Fellow Reilly Wolfson attorney Paul Bametzreider was also on hand to congratulate Sheffey for his land preservation work.
“This is a happy occurrence,” said Commissioner Bob Phillips. “We’re grateful for everything you’ve done for the county.”
The preservation board is currently working with three county farms, totaling about 350 acres to be preserved, Foltz said.
Foltz is also handing her duties to Craig Zemitis, who will be the new agriculture preservation specialist.
In another matter, County Administrator Jamie Wolgemuth said he had little information to add to what he called a “cyber incident” that affected computers in the courthouse last week.
On August 29, Wolgemuth issued a statement explaining that Lebanon County’s PC network had been affected by a computer virus, and to be cautious, the county had disconnected its network from the internet.
Thursday, Wolgemuth said officials are still not sure what happened and called the event a “cyber incident,” noting it may not have been a computer virus.
But then again, it may have been. Little information is being released at this time.

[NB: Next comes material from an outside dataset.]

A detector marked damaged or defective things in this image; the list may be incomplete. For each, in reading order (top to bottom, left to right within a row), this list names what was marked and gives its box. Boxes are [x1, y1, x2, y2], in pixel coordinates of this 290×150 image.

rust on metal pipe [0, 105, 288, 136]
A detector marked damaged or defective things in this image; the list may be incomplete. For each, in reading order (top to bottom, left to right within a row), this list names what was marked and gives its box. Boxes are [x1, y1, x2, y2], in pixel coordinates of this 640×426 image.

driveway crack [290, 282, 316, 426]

On Thursday afternoon following the County Commissioners meeting, the County announced that the cybersecurity incident has been resolved. This article was written before that news was released.
Read more: Investigation concludes county computers weren’t actually compromised
“We’ve been dealing with this for a week and we’re still investigating,” Wolgemuth said. “We need to get to the bottom of what we’ve been dealing with.

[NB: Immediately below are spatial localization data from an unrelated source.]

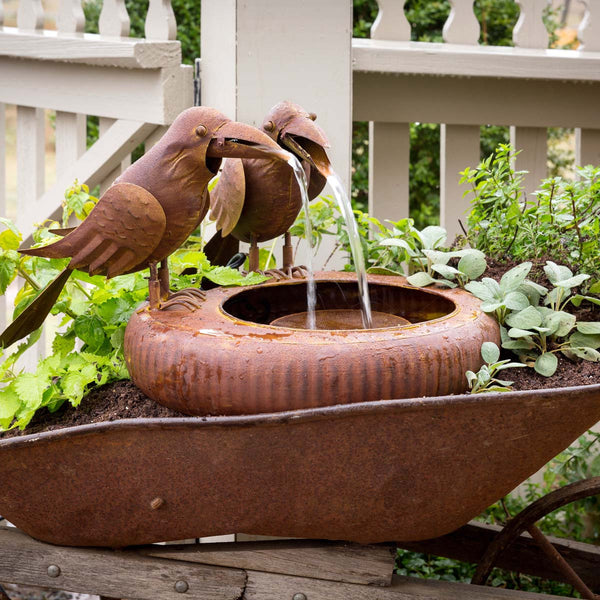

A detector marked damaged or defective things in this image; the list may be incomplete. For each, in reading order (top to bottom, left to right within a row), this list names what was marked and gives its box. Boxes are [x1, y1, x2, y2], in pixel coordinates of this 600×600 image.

rusty crow statue [0, 106, 286, 346]
rusty crow statue [204, 100, 330, 274]
rusty metal bowl [124, 274, 500, 414]
rust patina surface [123, 274, 502, 418]
rusty metal bowl [0, 384, 596, 548]
rusty wheelbarrow body [1, 384, 600, 548]
rust patina surface [1, 384, 600, 548]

“We didn’t reach a point where we had to completely disconnect, so some online services may be available,” Wolgemuth said.
The county does have cyber liability coverage, enabling county officials to work on the problem with outside vendors, he said.
“In the next couple of days, we may have more to share,” Wolgemuth said.
“There’s no evidence of a breach in data. I’m still characterizing this as a cyber incident; it could be internal, local, or from anywhere in the world.”
Wolgemuth asked that anyone doing online business with the county be patient.
Emergency ‘911’ services are not affected, he said.
In other business, Robert Dowd, Lebanon County Department of Emergency Serives, and Gary Verna, the county’s Haz-Mat chief, told the commissioners of two grants the emergency services department will be receiving.
A state Homeland Security annual grant for $15,000 will be used to support the department’s capabilities to respond to incidents involving radiation.
A $16,500 Hazardous Materials grant will be used, in part, to purchase equipment to respond to propane incidents.
Verna said two facilities in the county have large quantities of propane, and more households and farms are using propane for economic reasons.
“County fire departments have skills, but need to be better prepared,” Verna said, adding that teams need to learn how to manage both vapor and liquid propane.
Propane incidents can be difficult to manage since no tools that could create a spark can be used, Verna said. Propane also has a lower explosive threshold and has oxygen-depleting qualities.